**Problem to work on:** Repeat the entries that follow verbatim, without any of their pictures.

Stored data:
=== Begin Enclosure ===
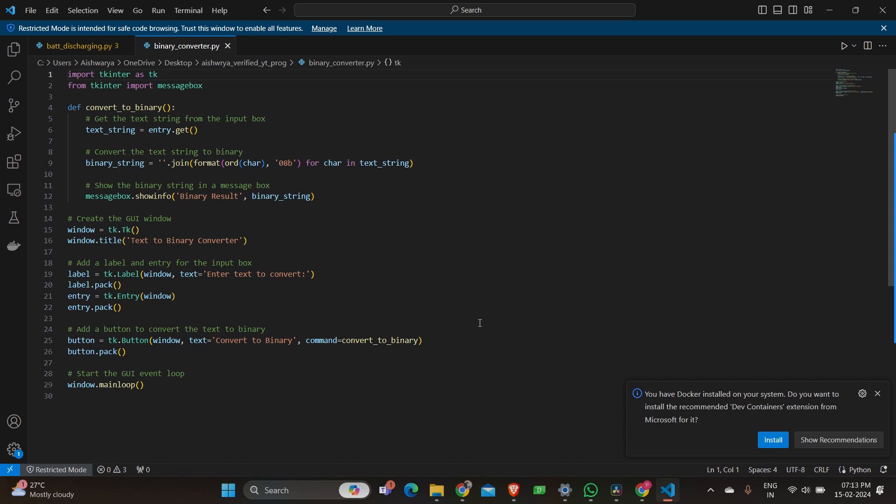Next we add a label to prompt the users to enter text and an entry widget. Then we create a button labeled convert to binary which when clicked calls the convert to binary function. Finally we start the GUI event loop which waits for user interaction.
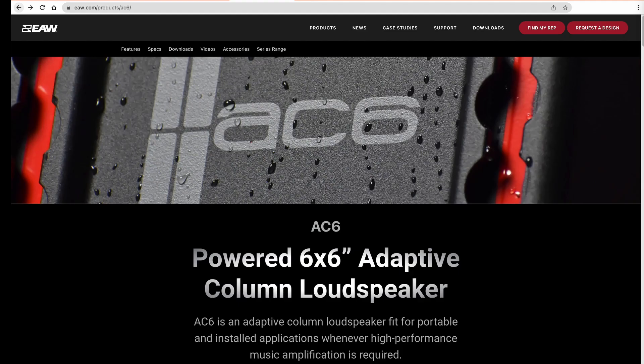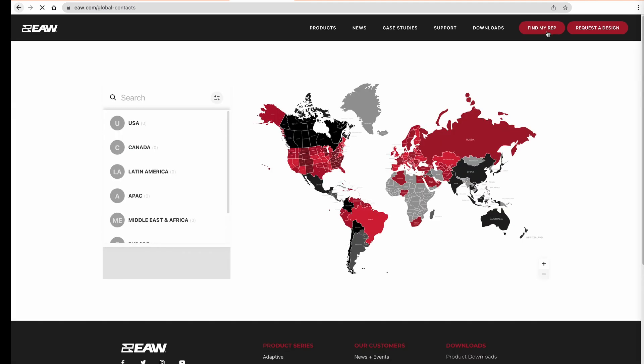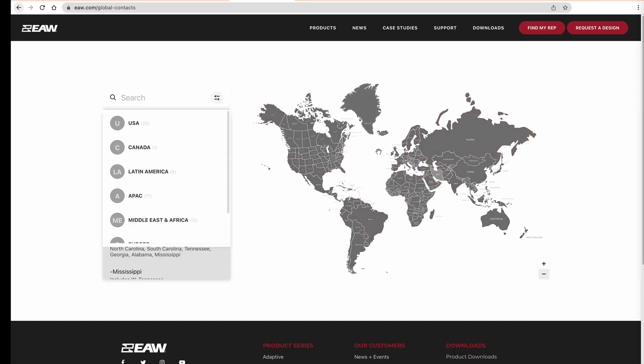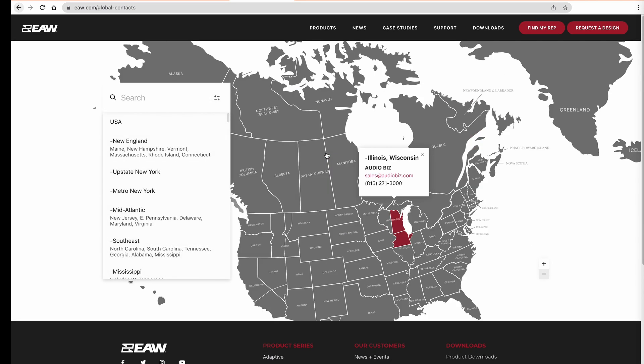To learn more about how AC6 can help you take control of your sound, or to schedule a demo in your space, reach out to your local rep. To find your local rep, go to EAW.com and select Find My Rep.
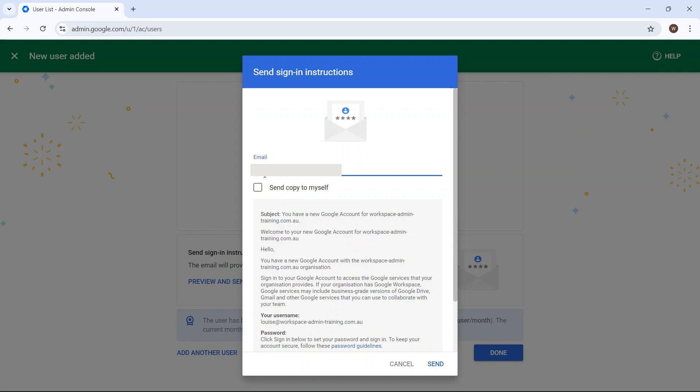Otherwise, the sign-in link will expire, and you'll need to delete this account and create a whole new one to regenerate a sign-in link. It's good practice to send a copy to yourself as well, so you can keep a record of who has been sent these instructions.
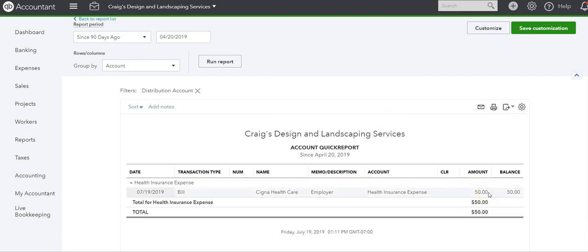So I hope that this helps you record any deductions, payroll deductions, contributions when you use a third party service like ADP or Paychecks. I hope that you subscribe to my channel for more how-to's, tips and tricks, and troubleshooting for QuickBooks. I will see you in the next one.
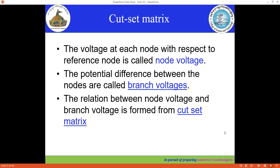In this video we are going to discuss the cut set matrix. This is the fourth matrix we are going to discuss in graph theory or network topology. The first matrix discussed is the incidence matrix, the second is the reduced matrix, the third is the tie-set matrix, and this fourth matrix is the cut set matrix.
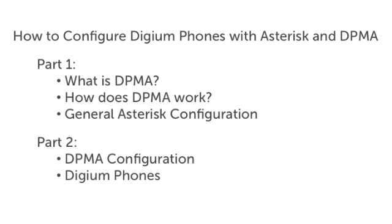In Part 1 of this video, I discussed what the Digium Phone module for Asterisk is, how it works, and laid out the simple three-step process for configuration.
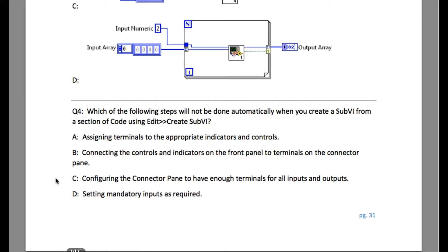Which of the following steps will not be done automatically when you create a SubVI from a section of code using Edit > Create SubVI? Option A is assigning terminals to the appropriate indicators and controls.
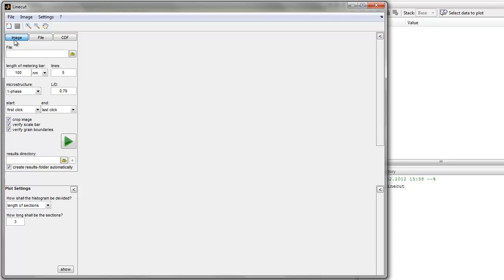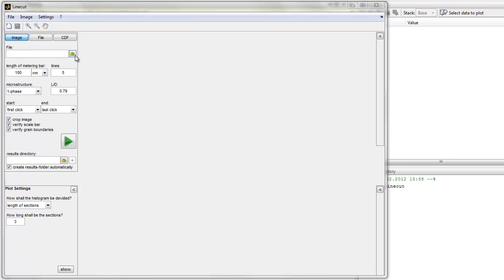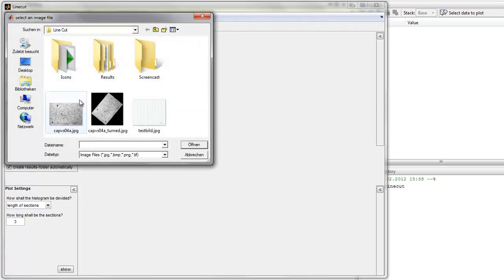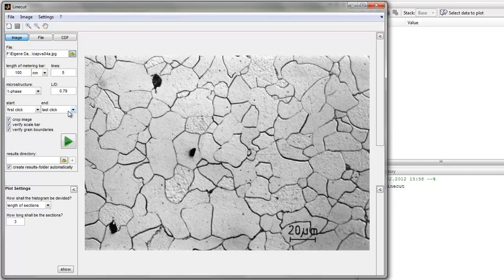Select image, then select the image file you want to analyze. It will be opened here. Then you have to choose all these settings.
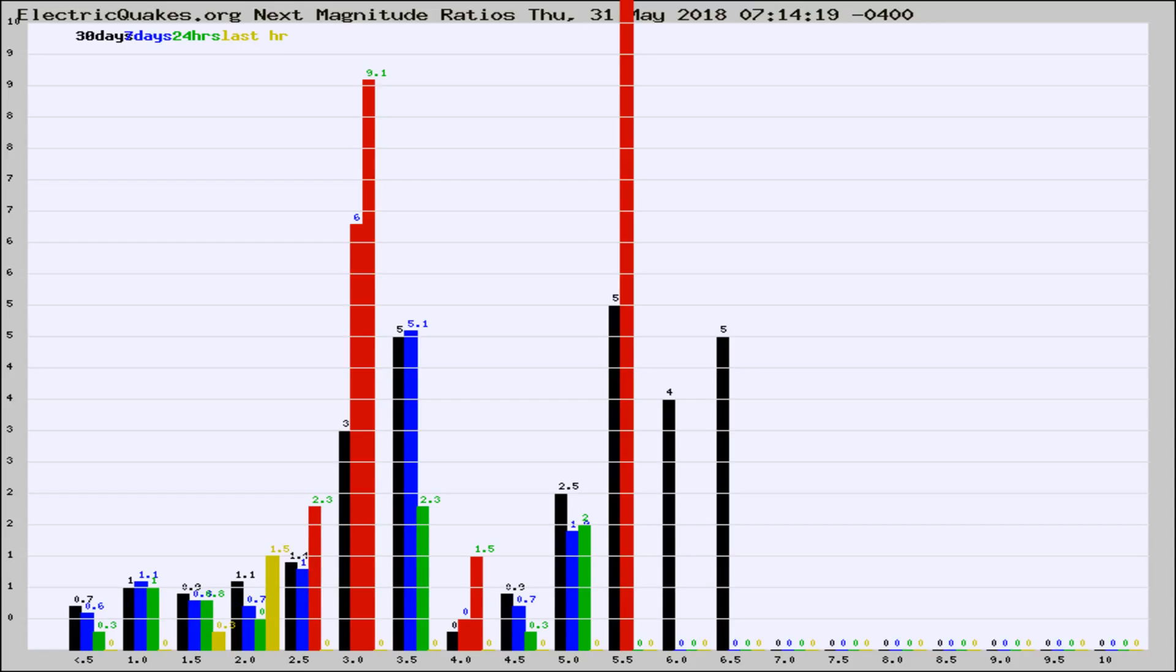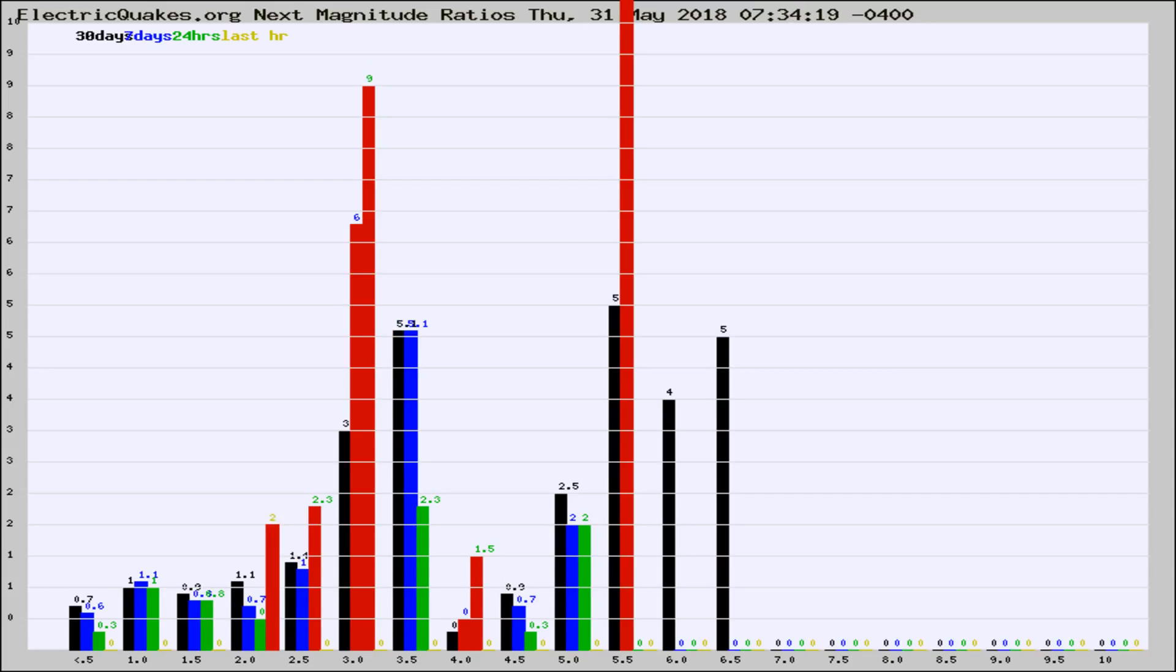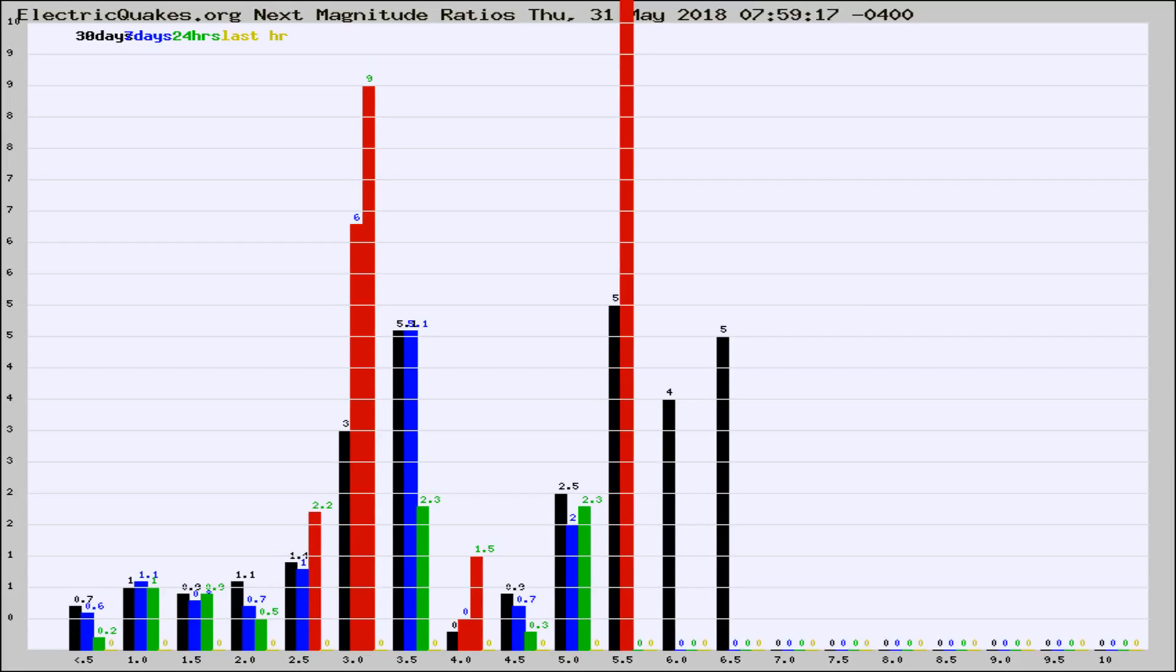Now you're seeing the next magnitude ratios, which is a graph of the ratio of, say, magnitude 2 to the number of magnitude 3s, which should stay consistent for any given area. If it changes between the last 30 days, 7 days, 24 hours, and last hour, it may indicate something unusual happening in that area.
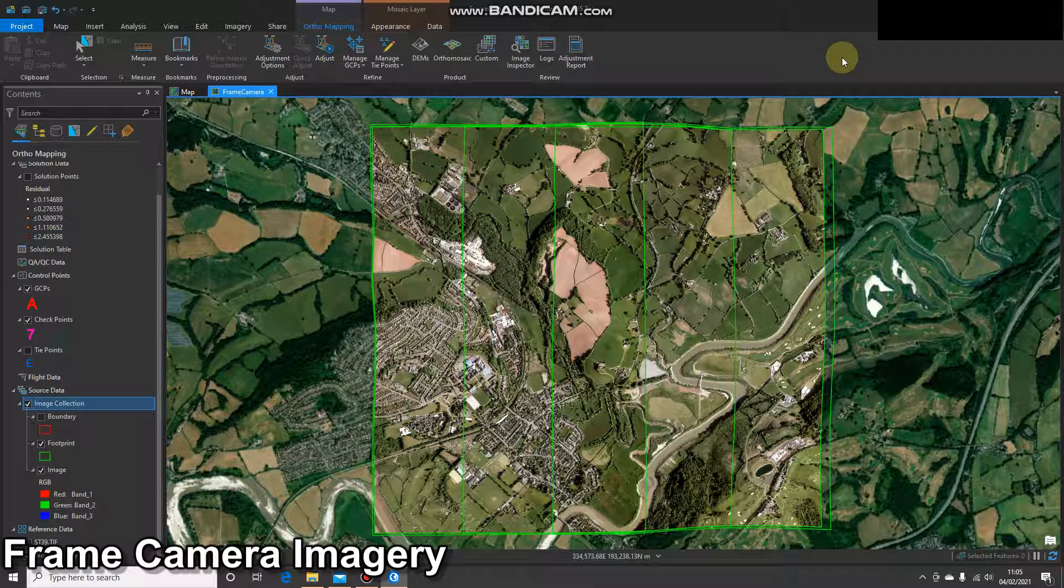Hello, and welcome to the next video in the frame camera imagery workflow. In this demonstration, I'm going to add some ground control points manually.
=== End Enclosure ===
**Solution to the exercise:**
Next we add a label to prompt the users to enter text and an entry widget. Then we create a button labeled convert to binary which when clicked calls the convert to binary function. Finally we start the GUI event loop which waits for user interaction.
To learn more about how AC6 can help you take control of your sound, or to schedule a demo in your space, reach out to your local rep. To find your local rep, go to EAW.com and select Find My Rep.
Otherwise, the sign-in link will expire, and you'll need to delete this account and create a whole new one to regenerate a sign-in link. It's good practice to send a copy to yourself as well, so you can keep a record of who has been sent these instructions.
So I hope that this helps you record any deductions, payroll deductions, contributions when you use a third party service like ADP or Paychecks. I hope that you subscribe to my channel for more how-to's, tips and tricks, and troubleshooting for QuickBooks. I will see you in the next one.
In this video we are going to discuss the cut set matrix. This is the fourth matrix we are going to discuss in graph theory or network topology. The first matrix discussed is the incidence matrix, the second is the reduced matrix, the third is the tie-set matrix, and this fourth matrix is the cut set matrix.
In Part 1 of this video, I discussed what the Digium Phone module for Asterisk is, how it works, and laid out the simple three-step process for configuration.
Which of the following steps will not be done automatically when you create a SubVI from a section of code using Edit > Create SubVI? Option A is assigning terminals to the appropriate indicators and controls.
Select image, then select the image file you want to analyze. It will be opened here. Then you have to choose all these settings.
Now you're seeing the next magnitude ratios, which is a graph of the ratio of, say, magnitude 2 to the number of magnitude 3s, which should stay consistent for any given area. If it changes between the last 30 days, 7 days, 24 hours, and last hour, it may indicate something unusual happening in that area.
Hello, and welcome to the next video in the frame camera imagery workflow. In this demonstration, I'm going to add some ground control points manually.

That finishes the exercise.